Check your own biases

Broaden Recruitment Efforts

  • Support STEM activities and local groups providing STEM education to girls, like the First Robotics Competition, or Technovation.
  • Seek out organizations where you can connect with, and recruit qualified, highly skilled women to join your team. Examples include:
    • Women in Engineering Proactive Network (WEPAN) – WEPAN provides a network reaching 60 percent of the female engineering student population at over 150 campuses across the United States.
    • The Mom Project works with employers who are committed to designing and supporting a better workplace so women can remain active in the workforce in every stage of their journey
    • Tech ladies is the largest group of Women in Tech, supporting members with a free job board, webinars and networking opportunities.
    • WiCyS is where you can learn about the recruitment, retention and advancement of women in cybersecurity.

Professional Development and Networking

  • Professional development and networking opportunities should provide paid opportunities for employees to learn new skills and grow in their careers.
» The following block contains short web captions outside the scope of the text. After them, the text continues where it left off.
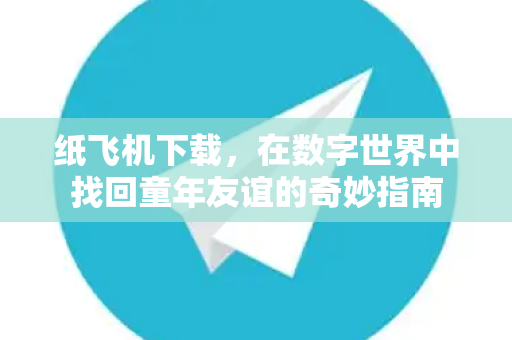 纸飞机下载，在数字世界中找回童年友谊的奇妙指南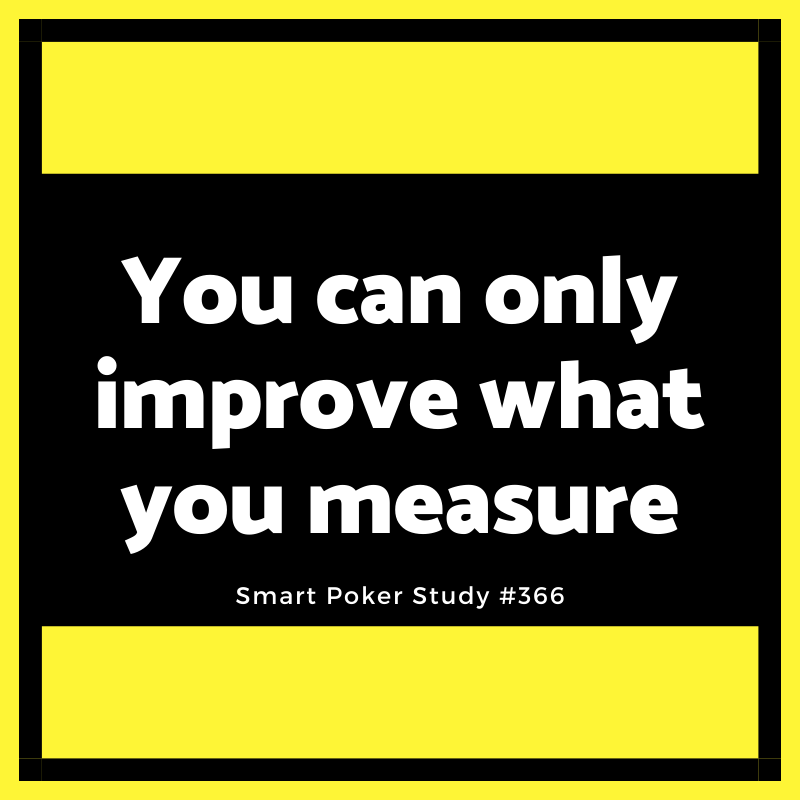 Poker Profits - You Can Only Improve What You Measure #366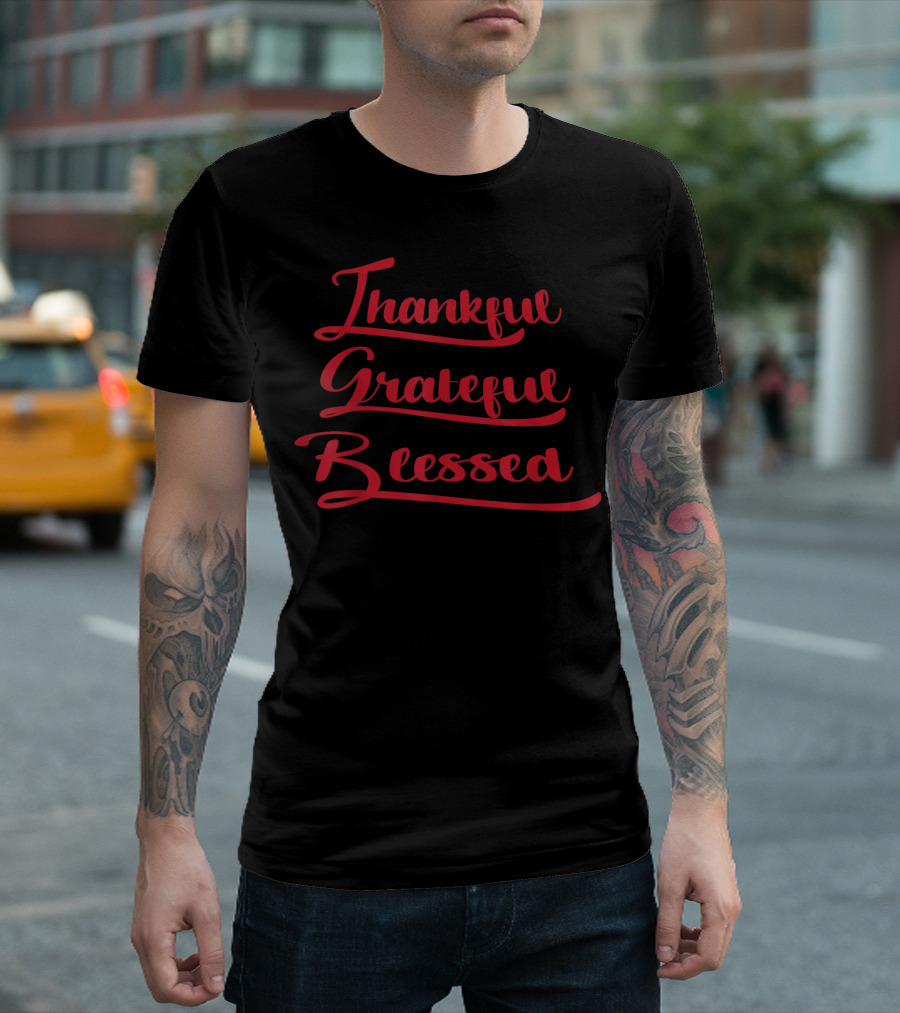 Thankful Grateful Blessed Motivational Thanksgiving T-Shirt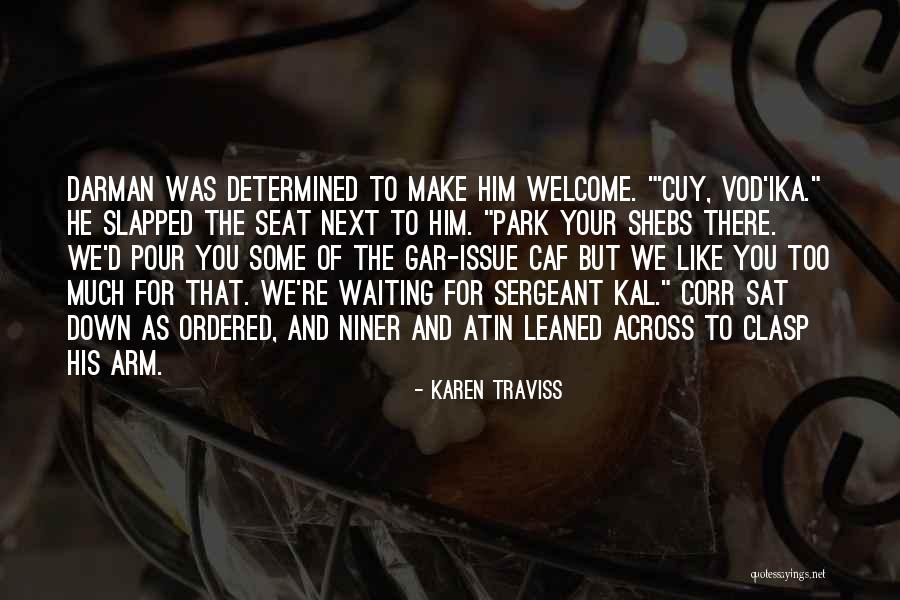 Whitebread Quotes By Karen Traviss Whitebread Quotes By Karen Traviss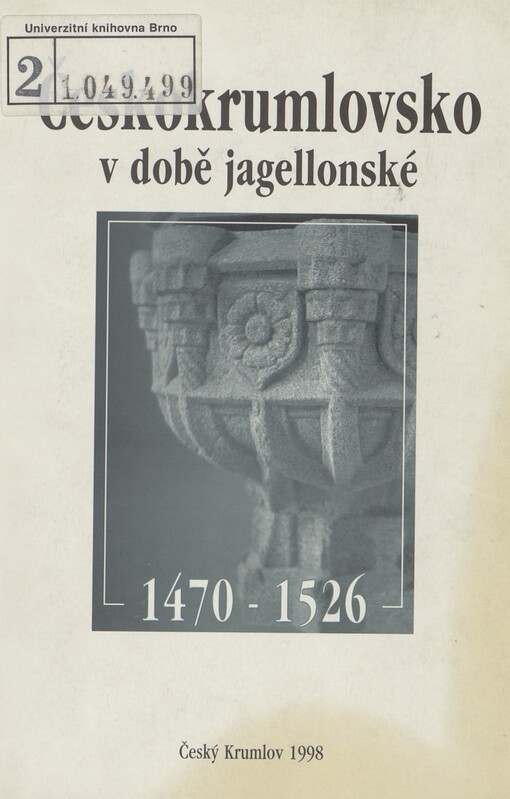 Českokrumlovsko v době jagellonské 1470-1526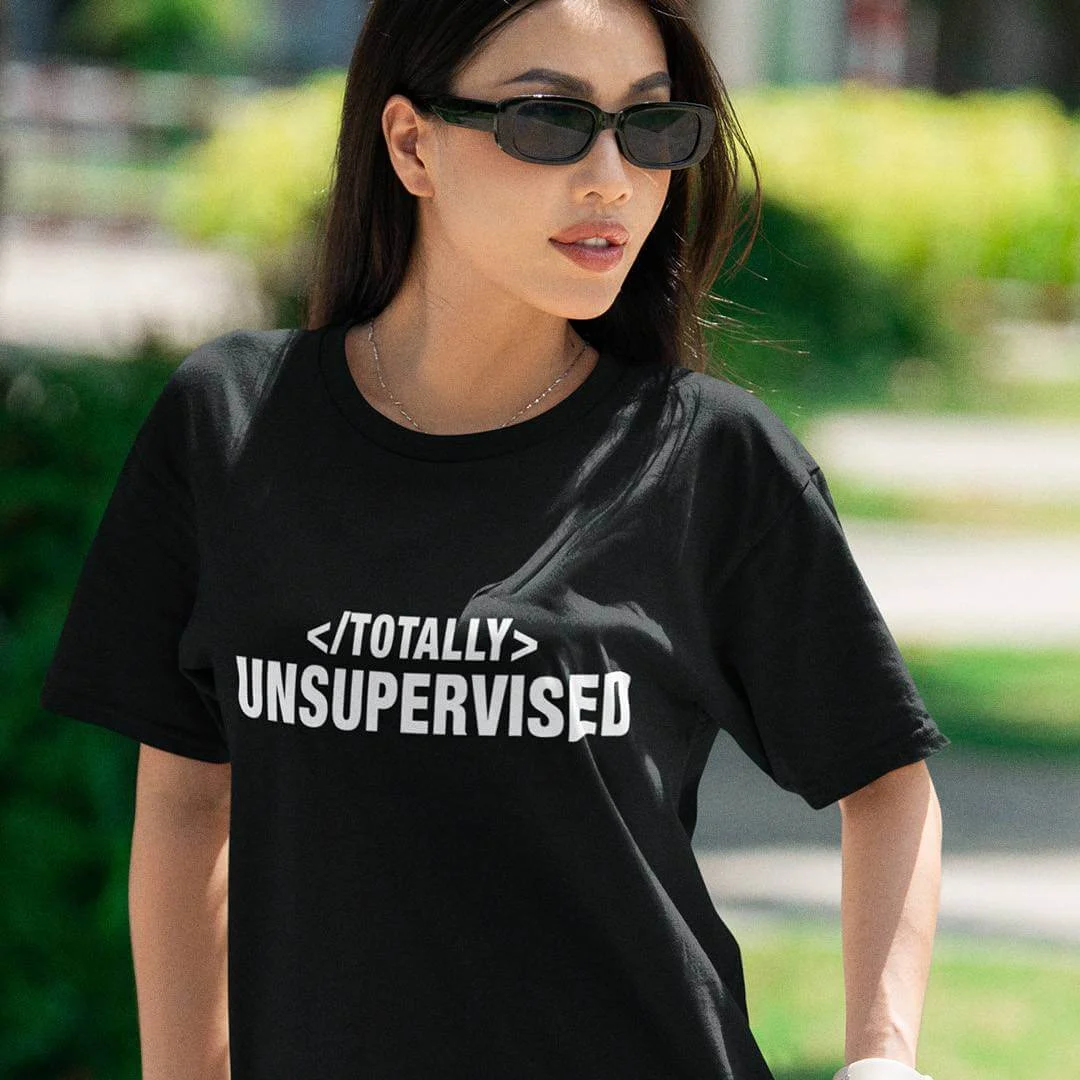 Totally Unsupervised T-Shirt – Funny Programmer Shirt – Machine Learning Developer Tee – AI Unsupervised Learning Humor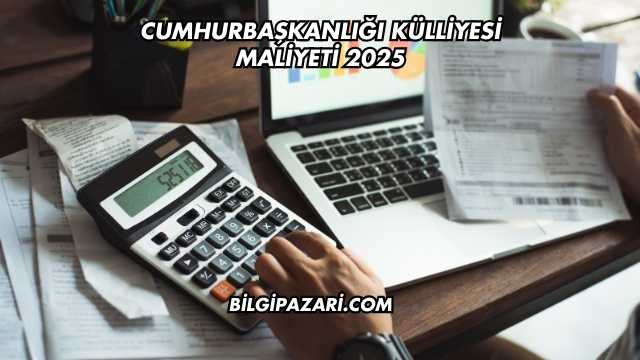Cumhurbaşkanlığı Külliyesi Maliyeti 2025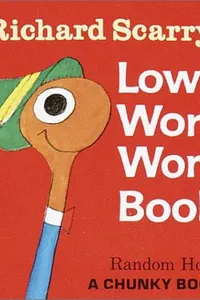 Richard Scarry's Lowly Worm word book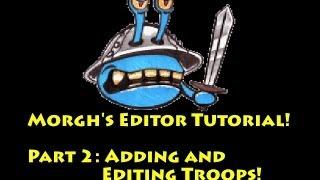 Morgh's Editor Tutorial Part 2 - Adding and Editing Units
Offer Meaningful Mentorship Opportunities

  • The development of mentoring programs should be a common practice at companies as part of establishing diverse teams and inclusive environments. A common challenge among women  in STEM careers is a lack of people who understand the challenges they face in the workplace, and can guide them to be considered for leadership positions. Mentoring programs should encourage cross-collaboration among women of different teams to give them a broader pool of leaders to choose from as mentors.

Participate in Sponsorship Programs

  • How are sponsorship programs different from mentorship programs? Mentors provide general advice and counsel to employees. Employees serving as sponsors are usually senior-level executives with the clout to recommend employees for advancement opportunities. In most cases, employees’ sponsors are those familiar with an employee’s success with work projects and level of integrity. This type of relationship is an excellent option for women in STEM careers seeking advancement opportunities.


  • The drawback of many company leadership programs is that they may be offered only to employees already in leadership positions. The best way to develop diverse teams and talent is to provide leadership training to all employees, including those in entry–level positions. In general, employees at all levels should be potential leaders.

A quote from the late Dr. Marye Anne Fox, an American physical organic chemist and administrator at the University of North Carolina, are words of encouragement for women and girls to continue to pursue STEM careers,

Women have a place at the table when it comes to science. Don’t let anyone tell you otherwise”.